Member of the Malaysian Parliament for Bagan Serai
- In office 8 March 2008 – 5 May 2013
- Preceded by: Zainal Abidin Zin (BN–UMNO)
- Succeeded by: Noor Azmi Ghazali (BN–UMNO)
- Majority: 3,413 (2008)

Personal details
- Born: 30 November 1945 Perak, British Malaya (now Malaysia)
- Died: 10 March 2022 (aged 76)
- Party: People's Justice Party (PKR) (–2010) Independent (2010–2022)
- Other political affiliations: Pakatan Rakyat (PR) (2008–2010)
- Occupation: Politician

= Mohsin Fadzli Samsuri =

Malaysian politician (1945–2022)

Mohsin Fadzli Samsuri (30 November 1945 – 10 March 2022) was a Malaysian politician who served as the Member of Parliament (MP) for Bagan Serai from March 2008 to May 2013. He was an independent and a member of the People's Justice Party (PKR), a component party of formerly Pakatan Rakyat (PR) coalition.

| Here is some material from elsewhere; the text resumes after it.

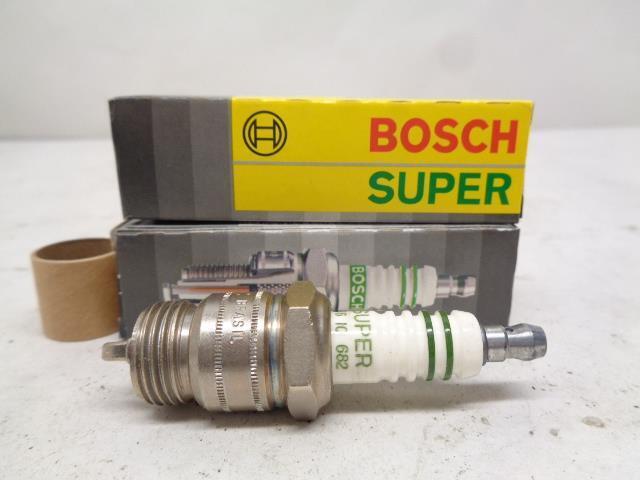 BRAND NEW BOSCH DODGE SUPER SPARK PLUG 4-PACK 7551 R13T3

Mohsin was elected to Parliament in the 2008 general election, winning the seat of Bagan Serai from Deputy Minister Zainal Abidin Zin of Barisan Nasional (BN). He was elected on the ticket of the People's Justice Party (PKR) but quit the party in March 2010 to sit as an independent, saying he felt "betrayed and sabotaged". His resignation from PKR followed the resignations of fellow PKR members of parliament Zahrain Mohamed Hashim and Tan Tee Beng. He did not contest the 2013 election.

==Election results==

Parliament of Malaysia
| Year | Constituency | Candidate |  | Votes | Pct | Opponent(s) |  | Votes | Pct | Ballots cast | Majority | Turnout |
|---|---|---|---|---|---|---|---|---|---|---|---|---|
| 2008 | P058 Bagan Serai |  | Mohsin Fadzli Samsuri (PKR) | 18,943 | 54.95% |  | Zainal Abidin Zin (UMNO) | 15,530 | 45.05% | 36,237 | 3,413 | 76.92% |

==Honours==
- Perak
  - Commander of the Order of Cura Si Manja Kini (PCM) (2011)

==Death==
Mohsin Fadzli died on 10 March 2022.